§ **LISTED ENTRIES**
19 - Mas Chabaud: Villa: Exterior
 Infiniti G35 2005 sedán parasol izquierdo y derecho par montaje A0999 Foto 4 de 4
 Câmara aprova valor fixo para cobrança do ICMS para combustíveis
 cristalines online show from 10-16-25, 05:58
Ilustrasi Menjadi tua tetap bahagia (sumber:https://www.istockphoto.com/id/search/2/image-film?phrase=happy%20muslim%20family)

§ **WORK TO COMPLETE**
Your answer must be the full set of entries, copied exactly.

§ **TASK RESULT**
19 - Mas Chabaud: Villa: Exterior
 Infiniti G35 2005 sedán parasol izquierdo y derecho par montaje A0999 Foto 4 de 4
 Câmara aprova valor fixo para cobrança do ICMS para combustíveis
 cristalines online show from 10-16-25, 05:58
Ilustrasi Menjadi tua tetap bahagia (sumber:https://www.istockphoto.com/id/search/2/image-film?phrase=happy%20muslim%20family)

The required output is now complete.